The angry young man who had lashed out at me in frustration on the bus in coastal Calabria cannot be blamed. He was not angry at me personally, the traveler trespassing in his land; his anger was born out of generations of southern hopelessness.

But everywhere in the South, gracious, enthusiastic individuals stand out in greater numbers than the one encounter with that young man. I often think of the cab driver in Táranto—“I am called Giuseppe,” he said proudly, as he wrote his name in my notebook—who called me back and pointed to a one-hundred-thousand-lira note (about fifty-seven dollars) I had unknowingly dropped after paying him. I also remember a bus driver at the beginning of my trip. Eager to practice his high-school English learned twenty years earlier, he allowed me to stand in his usually-off-limits-to-passengers driver's area while we sped through the late evening streets that curve around the northern shore of Táranto's Mare Piccolo or Little Sea.

We talked of Greeks, of the wild dogs that, unimpeded by owners or collars, roam Italy's heel and who are fed by locals from garbage pails (
“Sono liberi,”
They are free, he said of those dogs), and of life in America.

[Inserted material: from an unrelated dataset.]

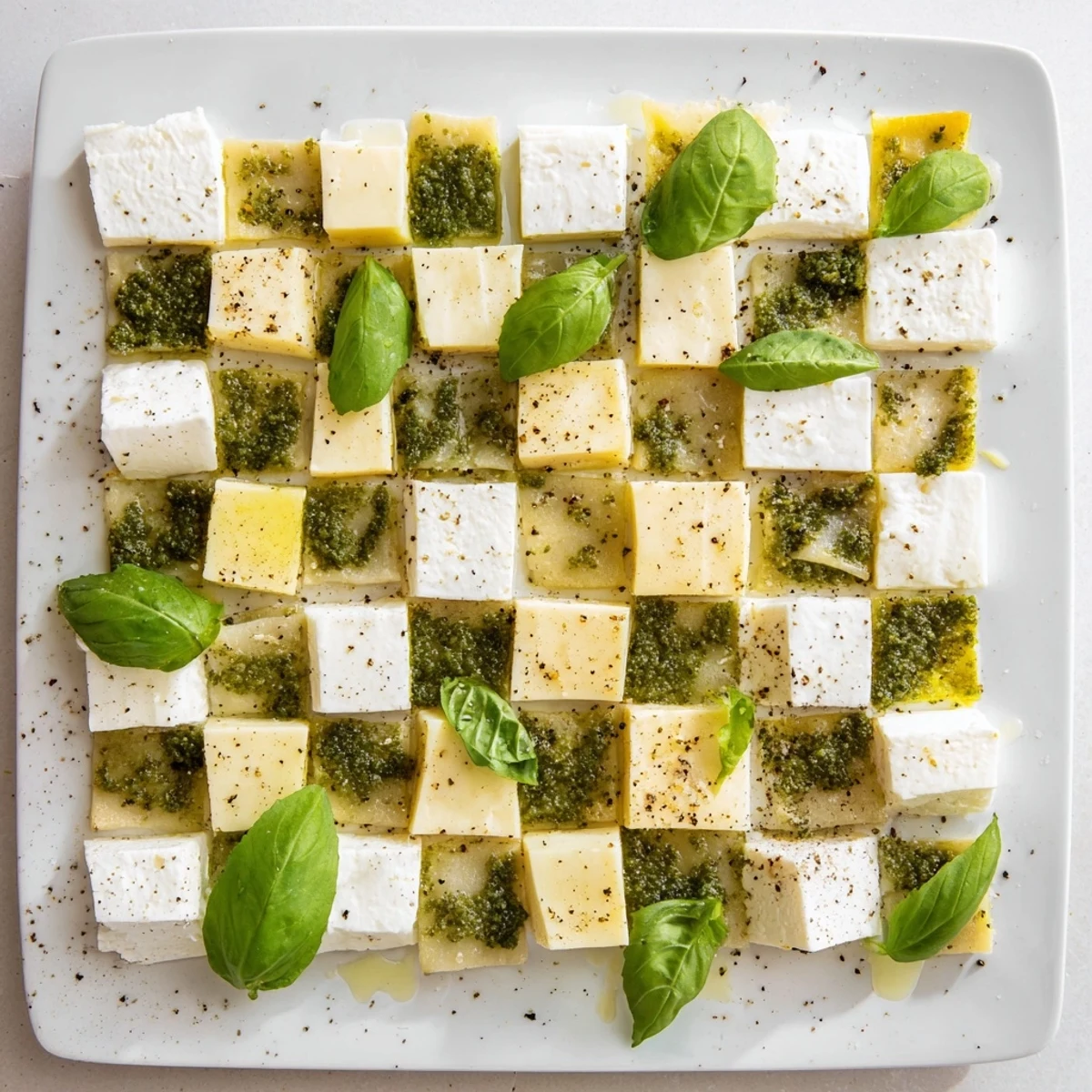 Freshly assembled Checkerboard Garden appetizer, a vegetarian delight with colorful herbs and soft cheeses.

“Ah, America,” I remember the bus driver saying. “I would like to go there and visit
mio zio
” (my uncle).

“Will you go?” I asked.
“Ci vogliono soldi!”
(You need money!) he replied, rubbing his thumb against his first two fingers—a gesture that means “money” but often is also tinged with the frustration I saw many times as people I spoke with on trains, buses, and in hotel lobbies described life in the South. “Ah,” he said wistfully.
“Magari!”
If only!

Southern Basilicata/southern Puglia

Chapter 11

Sunlight on Old Stones

I arrived about midday. Taranto is a strange and wonderful city high on the inside of Italy's heel. From the train station, I took a quick bus ride across a bridge to the island containing the old medieval city that was built on the ruins of Roman Tarentum and Greek Taras. The bus carried me farther east toward a hotel on a side street in the modern downtown, the Albergo Piasi. This new city,
città nuova,
developed across from the southeast end of the island, was connected by a drawbridge.

The old city, the
città vecchia,
is made up of structures dating back to the medieval period. Very little exists from the Roman era, and, near the drawbridge, a single stone column juts into the sky—the only visible evidence that Greeks first settled this spot, and in the light of the setting sun, that column becomes a golden tribute to that era.